There is emerging evidence that in addition to straight philanthropy through donation or foundations, Ultra High Net Worth Investors (UNHWIs)are also financing social investment. Equally, there has also been a strong growth in investment in sustainable/ethical investments through private banks and family offices on behalf of UNHWIs.
Professor Tony O’Rourke reports
The key for success in doing socially responsible investments has moved quite markedly into the investment mainstream as activities with a social, ethical or environmental impact.
As we know, the original ethical investment funds avoided industries engaged in addictive products, armaments or the exploitation of the natural environment.
Over the past decade there has been strong growth in the availability of investment products relating to green energy, recycling and climate change. There have been growing opportunities for investment in socially responsible areas such as affordable housing or community projects.
In general we have tended to see such investments as within general retail investment - investment with a conscience. What is not so obvious is that socially responsible investments have also attracted a following among High Net Wealth (HNWI) investors (above USD 1m in disposable assets) and Ultra High Net Wealth (UHNW) investors (above USD 50m in disposable assets).

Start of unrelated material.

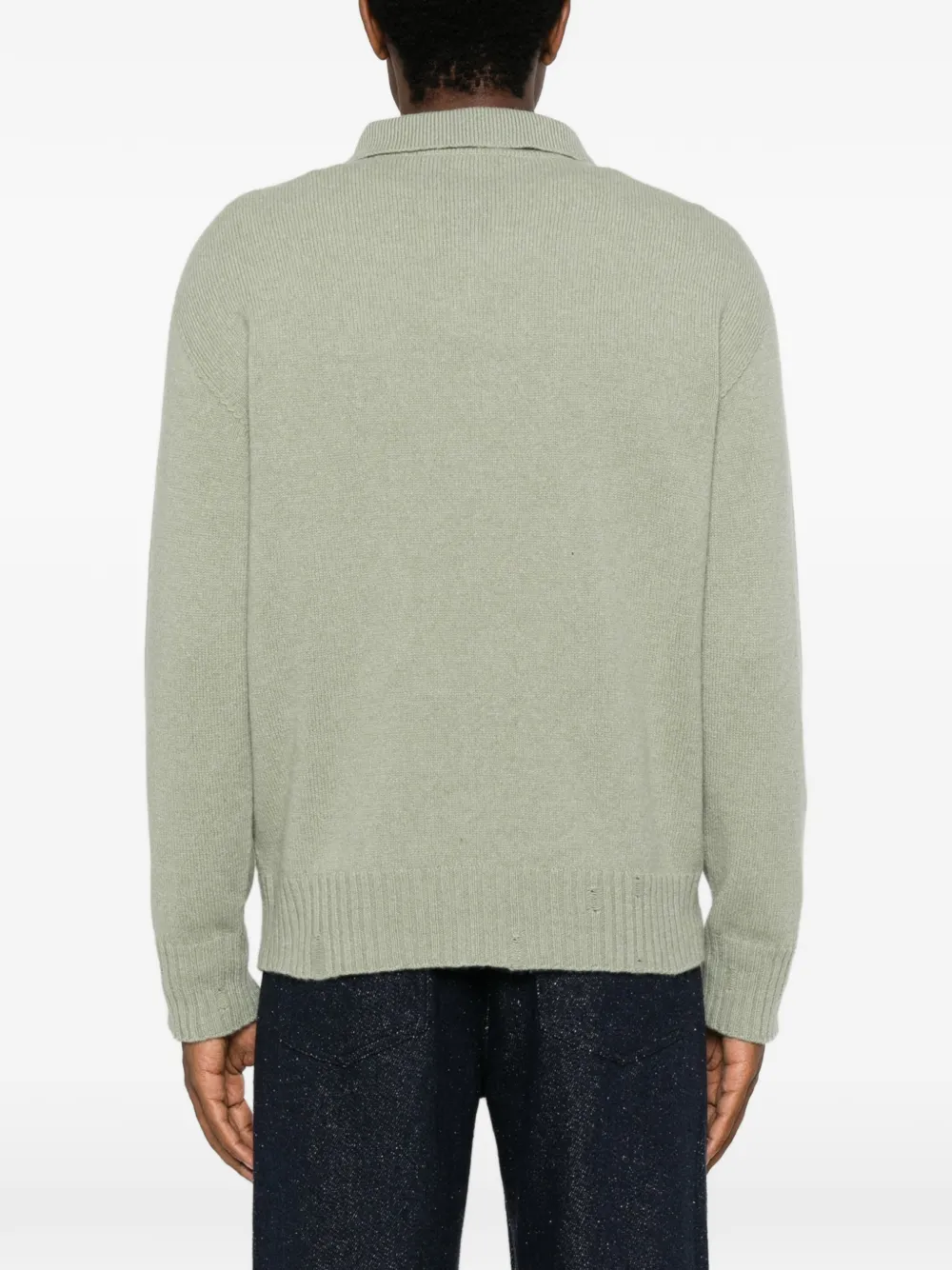 AMARANTO Fijngebreid poloshirt Groen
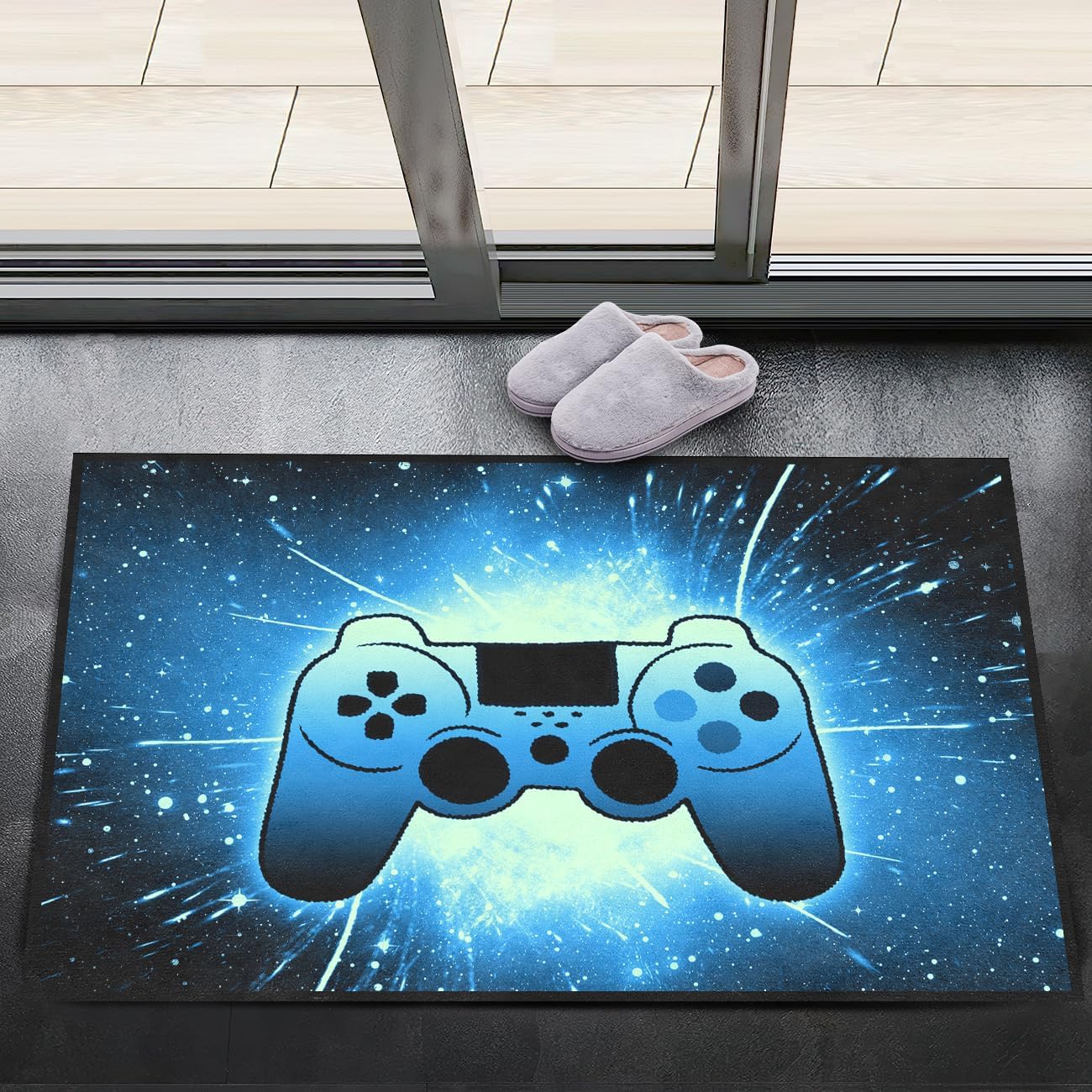 Video Game Rug - Gaming Themed Rug Gamepad Controller Area Rugs for Bedroom Gaming Carpet for Boys Game Carpet for Playrooms Bedroom Doormat Yoga Mats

The European Sustainable Investment Forum (EUROSIF) has calculated that socially responsible investments by European HNWIs and UHNWs increased by 60% (valued at EUR 421bn) between 2010 and 2012, compared to an 18% increase in overall investment in the same period.

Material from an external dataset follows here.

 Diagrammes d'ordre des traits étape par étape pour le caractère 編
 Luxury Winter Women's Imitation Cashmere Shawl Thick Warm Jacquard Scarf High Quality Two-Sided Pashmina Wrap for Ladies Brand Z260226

EUROSIF also commented that this level of growth mainly derived from new HNWI/UHNW clients (44%), followed by existing clients deepening their commitment to socially responsible investment (37%).
In general the most popular investment objects are clean energy, water and green technology. EUROSIF also mentions that 50% of the wealthy investors they surveyed over 2010-2012 ranked investments with a social-environmental impact as important as straight philanthropic giving.
Where is this trend coming from? Are the wealthy becoming more concerned about the longer-term sustainability of investments? Or are wealth managers and private bankers looking for novel investment classes, with beneficial returns, to attract and to retain clients?
The EUROSIF evidence would indicate that an appetite for socially responsible investment exists. We can also take account of the fact that wealthy investors now appear far more committed to longer-term investment strategies – this has been instanced in recent reports on global wealth trends by Boston Consulting Group, CapGemini/RBC Wealth and McKinsey.
This would then imply a relationship between socially responsible objectives and acceptable returns on investments with socially responsible structures. Again, to revert to EUROSIF data, they estimated that in 2010 11% of all HNWIs/UHNWs in Europe were making investments with strict sustainability criteria.
In general, these investors were relying on wealth managers and private bankers to adopt policies which included:
- •Thematic investing – e.g. protecting the environment
- •Positive investing – e.g. looking for opportunities which will engage in positive social-environmental outcomes
- •Responsible ownership – e.g. encouraging better business behaviour and observing Corporate Social Responsibility norms
- •Negative screening – e.g. moving in investments related to armaments, pornography, exploitation of children, addictive substances or support to regimes indulging in supression of beliefs or views
Interestingly, to meet these objectives private bankers and wealth managers have been expanding the investment vehicles available to include, for example - discretionary portfolio management services; ETFs with sustainable/responsible objectives; “Green business angel” funds investing in sustainable SME projects and “Green” REITs.
So who is driving this interest by the wealthy and ultra wealthy in socially responsible investment – investors or their advisors?
Perhaps it is possible to respond to that question by introducing a potential connection between socially responsible investment and philanthropy.
Wealth managers and private bankers have been developing philanthropy as a major area of customer service and advice over the past decade.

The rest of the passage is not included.